## Requirement
From the material below, return exactly the lines starting at the one that holds "Climbin' the chimney" and ending at the one that holds "Топовий джинсовий комбінезон". Pictures stay out of the answer.

## Given data

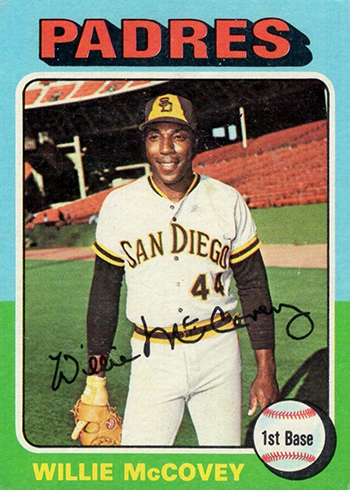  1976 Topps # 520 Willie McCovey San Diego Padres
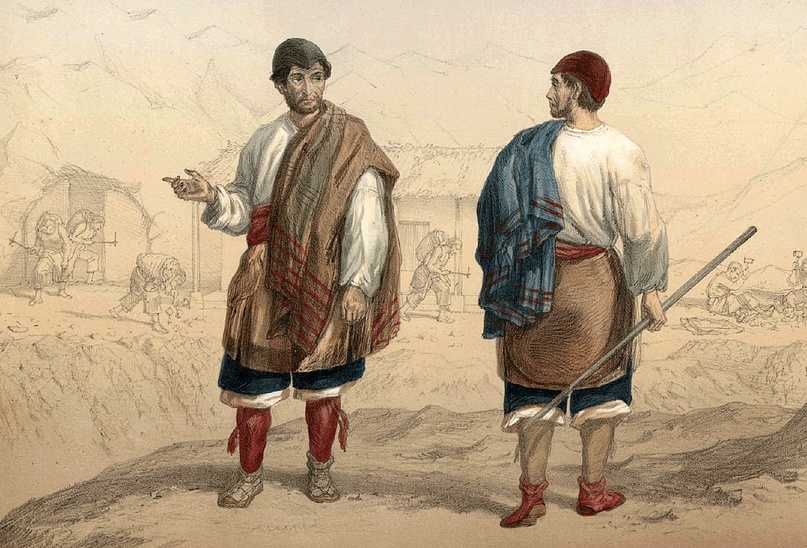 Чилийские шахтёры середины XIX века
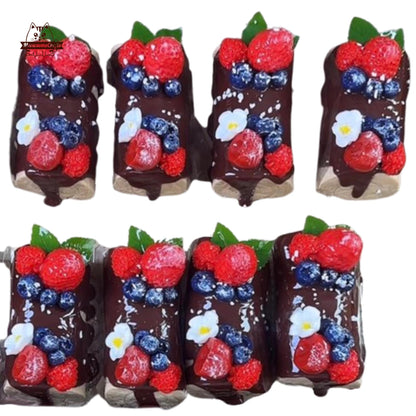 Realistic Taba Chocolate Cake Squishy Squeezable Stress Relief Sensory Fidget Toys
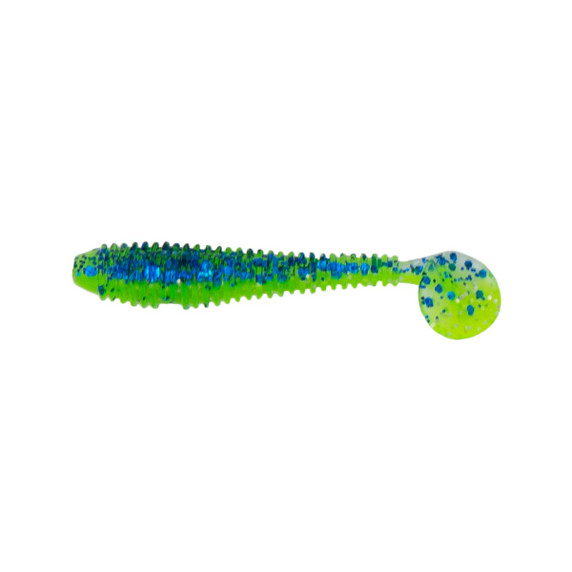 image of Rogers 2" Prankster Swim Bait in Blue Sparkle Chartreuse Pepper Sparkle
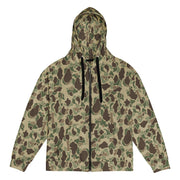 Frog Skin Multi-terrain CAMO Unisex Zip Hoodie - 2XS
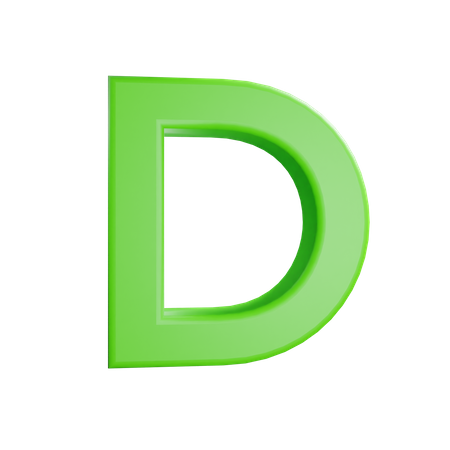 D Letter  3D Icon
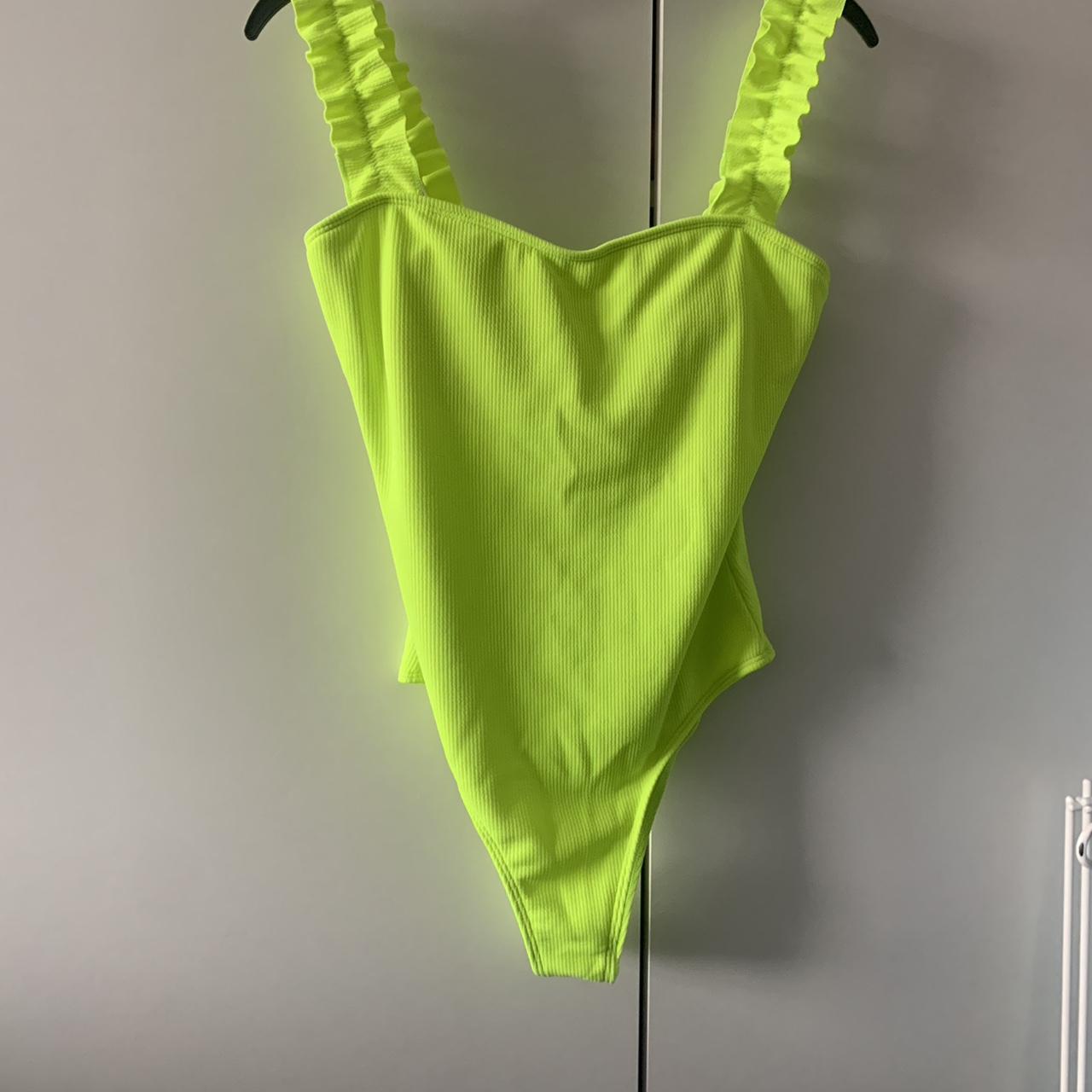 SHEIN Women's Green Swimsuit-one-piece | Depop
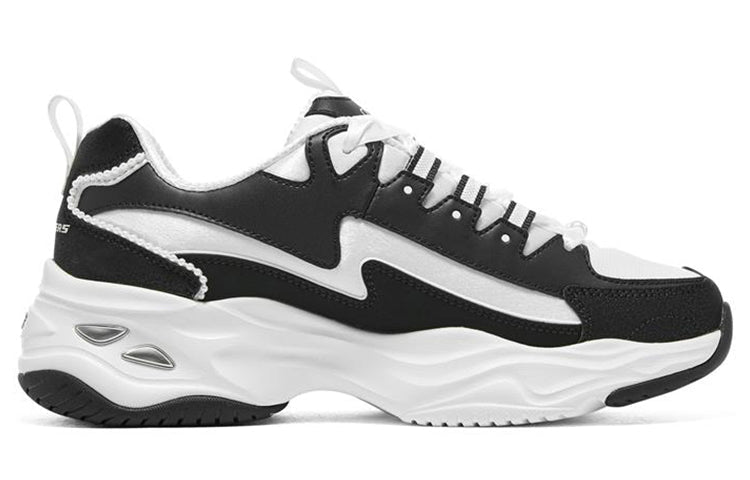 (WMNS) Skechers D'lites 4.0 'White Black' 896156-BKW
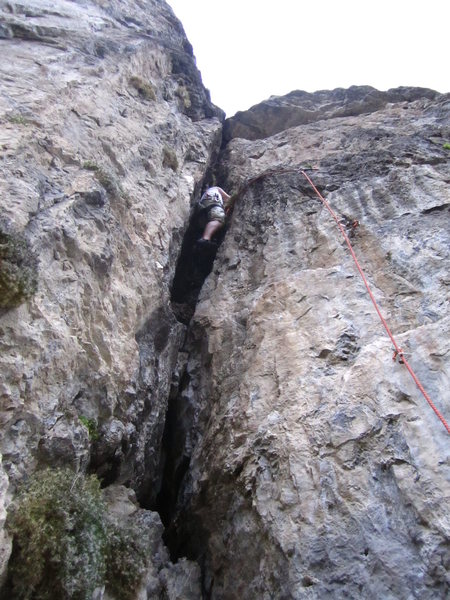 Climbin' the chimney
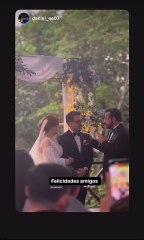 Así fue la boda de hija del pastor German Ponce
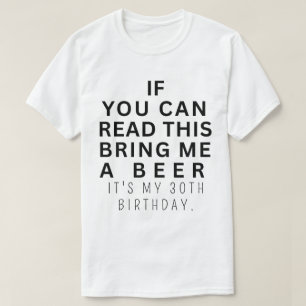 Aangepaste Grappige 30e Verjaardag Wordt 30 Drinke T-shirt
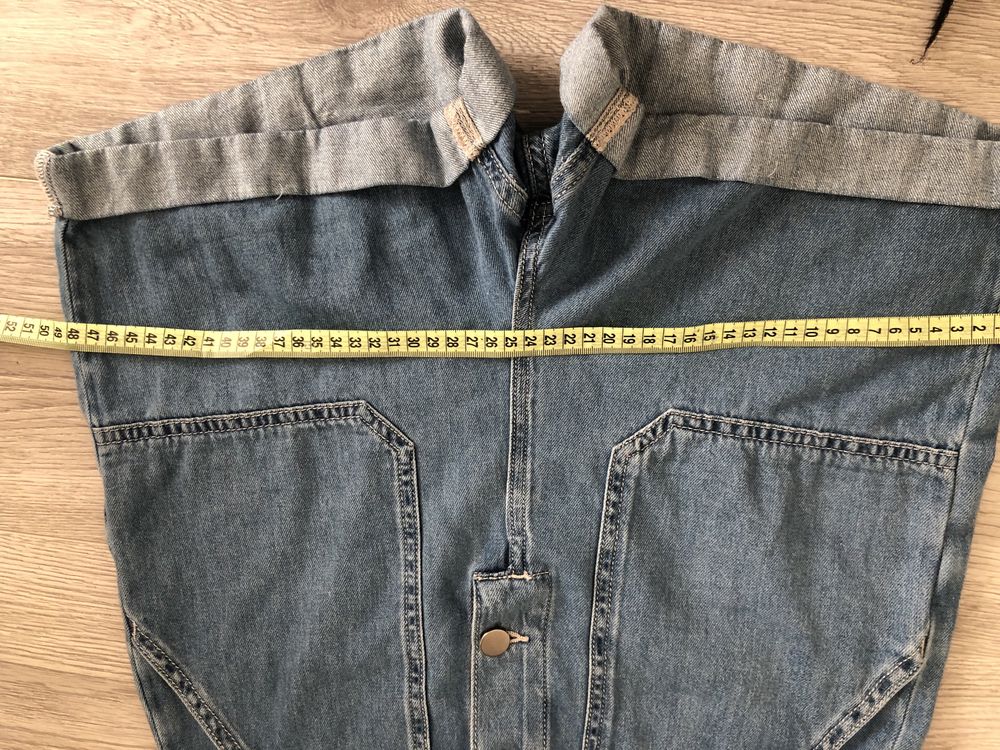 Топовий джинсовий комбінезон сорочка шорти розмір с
==
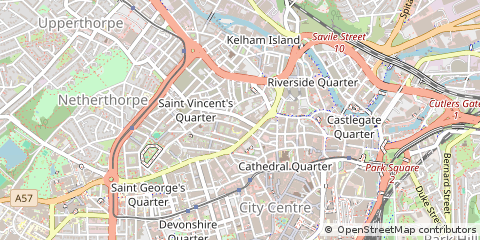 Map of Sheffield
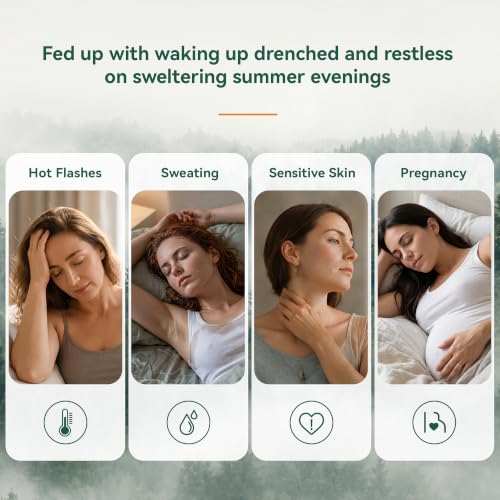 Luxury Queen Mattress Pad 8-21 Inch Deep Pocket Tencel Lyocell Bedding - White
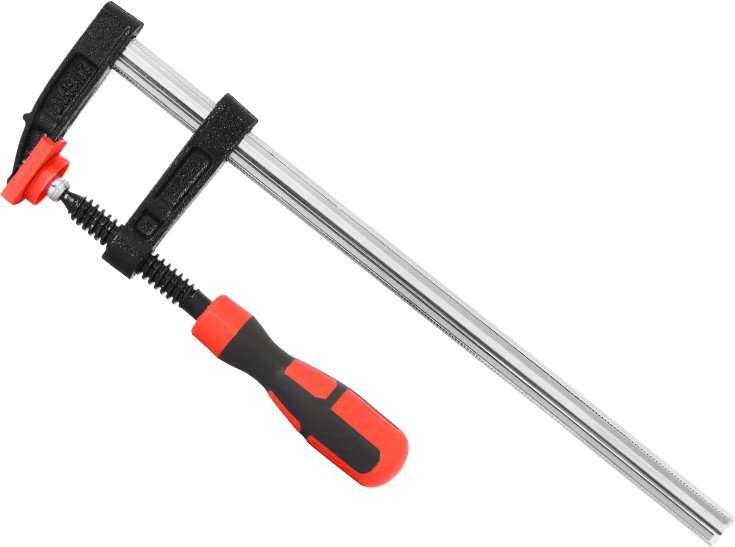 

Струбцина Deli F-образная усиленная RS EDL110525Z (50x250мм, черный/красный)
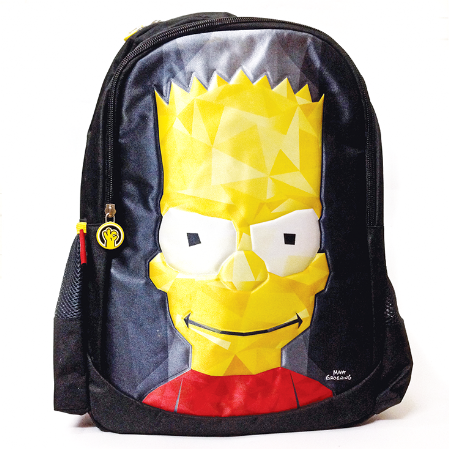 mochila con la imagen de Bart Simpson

## Solution
 Climbin' the chimney
 Así fue la boda de hija del pastor German Ponce
 Aangepaste Grappige 30e Verjaardag Wordt 30 Drinke T-shirt
 Топовий джинсовий комбінезон сорочка шорти розмір с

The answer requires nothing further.